■ Action item
Give back every line of the material exactly. Skip the pictures.
**** Input data ****
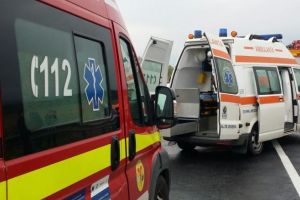 FOTO. Accident grav în judeţ. Cinci victime, după un impact între un camion şi două maşini
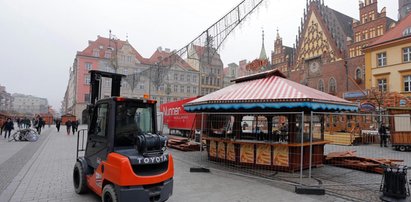 Powstaje bajeczny jarmark świąteczny na Rynku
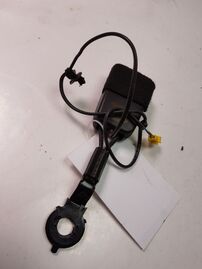 Attache ceinture sécurité avant gauche occasion - Mercedes CLASSE C - 20586013699051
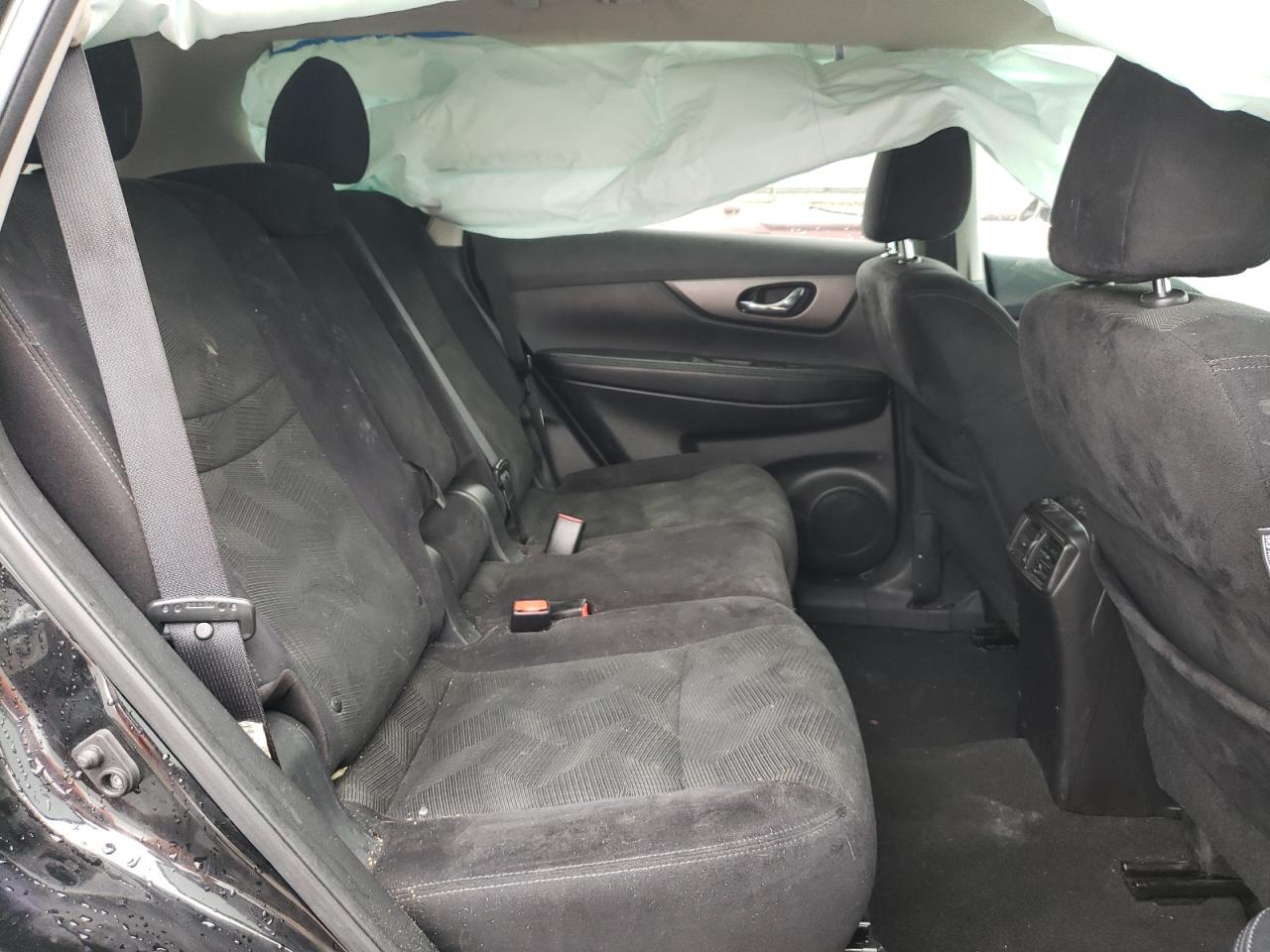 Photo 6 from auction – 2015 NISSAN ROGUE S with VIN 5N1AT2MVXFC842957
****
■ Expected answer
 FOTO. Accident grav în judeţ. Cinci victime, după un impact între un camion şi două maşini
 Powstaje bajeczny jarmark świąteczny na Rynku
 Attache ceinture sécurité avant gauche occasion - Mercedes CLASSE C - 20586013699051
 Photo 6 from auction – 2015 NISSAN ROGUE S with VIN 5N1AT2MVXFC842957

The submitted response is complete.